With the exception of Afghanistan (14th), all of the top 30 countries are found on the African continent. In fact, it’s estimated that Africa will add 2.5 billion new people by 2100, while most continents will actually flatline in terms of population growth.
At the bottom of the rankings, the country with the lowest fertility rate is South Korea, at 0.84.
Interestingly, many of the current most populous countries of the world—including China, India, and the U.S.—are all below replacement levels of fertility, with parts of Europe and North America having had persistently low fertility levels since the 1970s.
I’m from a relatively large family. I had five siblings. I remember my mother saying “after the third, the older ones look after the younger ones” That confirms the existence of a child care efficiency ratio implied in larger families.
That’s lost when families are smaller and older generations are dispersed. In fact, the fewer children a family has the higher the cost because hopes for the future are poured into enhancing that child’s competitive edge.
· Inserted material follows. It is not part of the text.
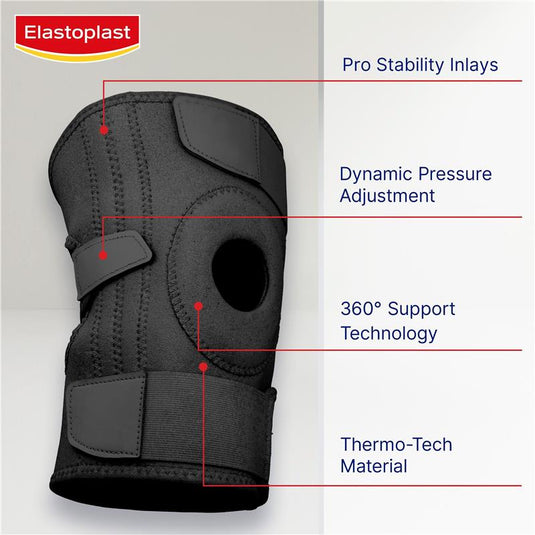 Elastoplast Protective Knee Stabiliser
That can involve paying for tutors, sports, music, schools, better neighbourhoods etc.
Public education was most effective when the ratio of children to adults was highest in the most developed economies. As the cost of child rearing increases, public education is less of a priority and competition due to concentration increases.
That gels with the collapse in fertility rates seen in most developed countries. As soon as living standards improve and more women receive education, fertility rates don’t just ease, they collapse. 20 years after the breakdown, fertility rates in South Korea, Japan, Italy and the UK were as much as 80% below the previous norm. No country has successfully raised fertility rates after that collapse.
That suggests the peak in population growth is likely to be sooner than many UN forecasts predict. For example, Egypt’s fertility has halved since 1980. The primary driver of population growth at present is rising life expectancy. Antibiotic resistance is already an inhibiting factor for life expectancy in India while drug abuse and obesity are contributing to lower life spans in the USA.
There are several ways of thinking about these trends. The first is demand for more automation. The ROBO Global Robotics & Automation ETF continues to firm from the region of the 200-day MA.
The second is high wages demands are unlikely to recede. The last is technological innovation towards artificial wombs is likely to try and support the efforts of families to have children but that will not influence the cost of baby care unless we really are in a matrix-like reality.
That suggests the long-term view will be for a post growth environment which supports the secular stagnation theme. The trajectory of bond yields will reflect that argument in due course but perhaps not until the 2030s. The global average yield surged in 2022 to break the long-term downtrend. It is currently pausing below 4% but a sustained move below 2% would be required to question the supply dominated environment.